2016-kohls-skypeline
findings extracted from this paper
-
χ² homogeneity tests on 70 audio signal pairs show that at SNR ≥ 25 dB the probability that a statistical test distinguishes modulated from original signals falls to 77.13% (i.e., the rate of successful discrimination is below 23%). Crucially, this analysis requires access to the original unmodulated signal; for live voice transmissions no such pairing is feasible for the censor, rendering statistical detection unrealizable in practice.
-
The paper's threat model explicitly assumes censors can enforce client-side VoIP software (e.g., TOM-Skype in China) giving the adversary access to the pre-encoding audio signal at both endpoints. Despite this, SkypeLine forces the censor into an all-or-nothing position: intercepting hidden data requires blocking the entire VoIP service, since no network-layer observable (packet headers, timing, encrypted payload) distinguishes steganographic from legitimate calls.
-
SkypeLine's m-ary modulation (Mode B using 128-bit Hadamard sequences) achieves a peak data rate of 2,407 bps, representing a 12,035% improvement over FHSS-based DSSS (Takahashi et al., 20.5 bps) and 19,256% over phase-coding techniques (Nutzinger et al., 12.5 bps).
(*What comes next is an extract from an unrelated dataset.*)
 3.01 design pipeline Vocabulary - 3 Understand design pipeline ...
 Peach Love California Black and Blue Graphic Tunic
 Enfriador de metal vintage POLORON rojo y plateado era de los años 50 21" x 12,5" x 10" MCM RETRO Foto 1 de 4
Four-layer parallel binary modulation (Mode A, Quattro) achieves a peak of 224 bps and mean of 106.61 bps at ≥99% reconstruction accuracy.
-
A Skype prototype operating under real-world conditions achieves 64 bps (WGN noise, no ECC) at ≥99% reconstruction accuracy and ≥23 dB SNR. With OPUS/Silk encoding (vector quantization), throughput is constrained to approximately 72 bps at two modulation layers; additional layers fail to satisfy the 99% accuracy bound because VQ codec noise reduction filters the embedded pseudo-noise sequences.
-
Wireshark captures of Skype traffic with and without hidden information at inaudible SNR show no statistically significant differences in inter-arrival times (mean IAT 0.019 s in all conditions) and only a 2.6% difference in mean packet length (130.34 bytes unmodulated vs. 126.98 bytes at inaudible SNR), well within one standard deviation (SD ≈ 12–14 bytes) and insufficient for reliable content-mismatch detection.